- Extracted material
----

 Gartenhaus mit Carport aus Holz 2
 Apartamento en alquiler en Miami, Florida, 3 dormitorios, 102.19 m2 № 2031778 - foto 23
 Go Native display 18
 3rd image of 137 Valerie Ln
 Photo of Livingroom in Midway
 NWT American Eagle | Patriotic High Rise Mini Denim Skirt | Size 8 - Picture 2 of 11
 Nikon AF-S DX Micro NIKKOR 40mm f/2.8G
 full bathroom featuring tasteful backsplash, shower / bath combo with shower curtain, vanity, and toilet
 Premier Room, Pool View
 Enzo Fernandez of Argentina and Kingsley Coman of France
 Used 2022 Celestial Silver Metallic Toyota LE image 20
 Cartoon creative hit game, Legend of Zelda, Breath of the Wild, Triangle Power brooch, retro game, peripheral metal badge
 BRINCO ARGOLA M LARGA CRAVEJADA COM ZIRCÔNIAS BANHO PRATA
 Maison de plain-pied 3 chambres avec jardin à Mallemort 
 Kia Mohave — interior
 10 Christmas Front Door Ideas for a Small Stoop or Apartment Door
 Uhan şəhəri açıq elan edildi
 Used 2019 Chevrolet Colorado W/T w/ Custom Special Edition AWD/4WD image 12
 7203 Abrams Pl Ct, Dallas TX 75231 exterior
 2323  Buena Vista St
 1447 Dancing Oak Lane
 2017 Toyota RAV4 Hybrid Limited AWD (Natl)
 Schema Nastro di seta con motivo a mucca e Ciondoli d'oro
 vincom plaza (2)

----

- Directions
Your task is to write out, exactly, the line that contains "Photo of Livingroom in Midway" and each line after it to the end of the data, with no other lines.

- Solved problem
 Photo of Livingroom in Midway
 NWT American Eagle | Patriotic High Rise Mini Denim Skirt | Size 8 - Picture 2 of 11
 Nikon AF-S DX Micro NIKKOR 40mm f/2.8G
 full bathroom featuring tasteful backsplash, shower / bath combo with shower curtain, vanity, and toilet
 Premier Room, Pool View
 Enzo Fernandez of Argentina and Kingsley Coman of France
 Used 2022 Celestial Silver Metallic Toyota LE image 20
 Cartoon creative hit game, Legend of Zelda, Breath of the Wild, Triangle Power brooch, retro game, peripheral metal badge
 BRINCO ARGOLA M LARGA CRAVEJADA COM ZIRCÔNIAS BANHO PRATA
 Maison de plain-pied 3 chambres avec jardin à Mallemort 
 Kia Mohave — interior
 10 Christmas Front Door Ideas for a Small Stoop or Apartment Door
 Uhan şəhəri açıq elan edildi
 Used 2019 Chevrolet Colorado W/T w/ Custom Special Edition AWD/4WD image 12
 7203 Abrams Pl Ct, Dallas TX 75231 exterior
 2323  Buena Vista St
 1447 Dancing Oak Lane
 2017 Toyota RAV4 Hybrid Limited AWD (Natl)
 Schema Nastro di seta con motivo a mucca e Ciondoli d'oro
 vincom plaza (2)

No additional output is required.